I don’t know about you, but there are some of us who always think of dessert before we think of a meal. So, if we are at a buffet table laden with all manner of dishes, we go to the finish line, walking backwards, trying to sneak a peek at the dessert section before we start on our meal. We need to know exactly how much room to ‘reserve’ in our stomach.

Of course, some of us also imagine that we don’t need to keep any space available since we have separate, neatly labelled internal compartments and all the sweetmeats and ice creams and souffles go straight into the one marked ‘dessert’. Thus, we can still eat all we please of the main course ... and have our pudding too.

Our childhood home was definitely one that encouraged a sweet tooth. Mother loved to experiment with confectionery and cakes and puddings and we loved to taste the results of those experiments. The combination was ideal ­— and thus we spent our early years indulging in the fruits of Mother’s labour. A hungry and appreciative brood — and friends and relatives dropping in unexpectedly — made her cater over and above what other families of the same size could consume. The ingredients of every recipe she tried were doubled or tripled and she soon became almost incapable of making small quantities of anything: And we grew accustomed to large, heaped-up pudding bowls.

In other homes, we heard parents say: “If you eat your meal, then you can have pudding,” and we looked on puzzled. Didn’t everyone have place for both, we wondered, because in our family, no amount of ‘befores’ ever spoilt our appetite for the ‘afters’!

In time, when Mother grew tired and could barely make her way through preparation of the regular meal, she began to skip concocting desserts. That was when we took over — using the afternoons to whip up something as silently as we could while she enjoyed her siesta. Despite being novices, we refused to halve or quarter the ingredients of Mother’s recipes: If the recipe said one cup of each ingredient, we were sure to double it and struggle with a mound of dough or an overflowing dish of batter, not sure until the very end how it would turn out.

Our mistakes, therefore, were monumental. But Mother always had a solution when she awoke and found us staring helplessly at a mountain of mash-that-should-be-fudge or crunch-that-should-be-cake: A dash of chocolate, some icing sugar, a little honey perhaps, or custard and the mess was transformed into a creative masterpiece to relish. And, of course, we never had a problem with large-scale blunders — thanks to our large appetites.

But all that was then.

Now as the middle age spread gets the better of us, we acknowledge that it is time to cut down — at least on the desserts. So, when we hear of exotic readymade desserts in beautiful, sensibly small glass jars, we feel that they are tailor-made for our requirements — until we try them.
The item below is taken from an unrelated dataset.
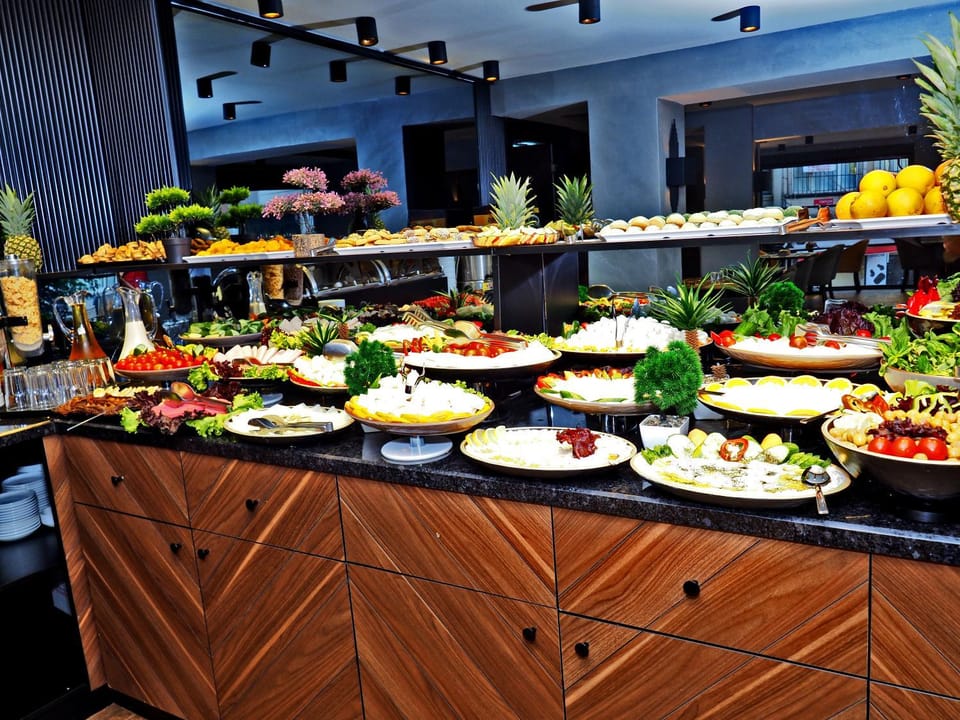 Food and drinks, Breakfast, Continental breakfast, Buffet breakfast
Somehow, those two gulps of fluffy souffles, creamy mousses and fruit jellies fail to gel with us. The cutesy little reusable container packed to just the right level with a divine dessert has us scraping the bottom of the dish within a few delicious mouthfuls. We look around eagerly, but there is no prospect of ‘seconds’ — and our taste buds have just about got going and are screaming for more.

We should have had our fill in the past, but despite all those decades of over-indulgence — or maybe because of it — we have this voice at the back of our minds crying out ruefully about the reduced portions.

Are these really our “just” desserts?

Cheryl Rao is a journalist based in India.